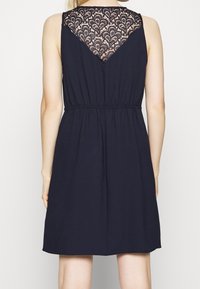 Marineblauwe mouwloze jurk met een aansluitende taille, voorzien van een kant achterontwerp en een soepel materiaal, tot halverwege de dij.
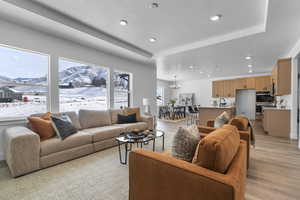 Living area with a mountain view, a textured ceiling, light wood-style floors, hanging lights, and a raised ceiling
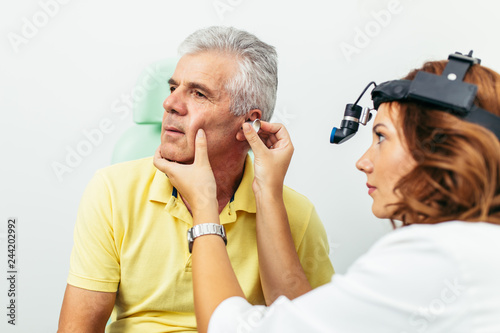 Senior man at medical examination or checkup in otolaryngologist's office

> EXERCISE REQUIREMENTS
Retype, exactly as written, each line from the one containing "Living area with" through the end of the data above, and leave out every picture.

> TASK RESULT
 Living area with a mountain view, a textured ceiling, light wood-style floors, hanging lights, and a raised ceiling
 Senior man at medical examination or checkup in otolaryngologist's office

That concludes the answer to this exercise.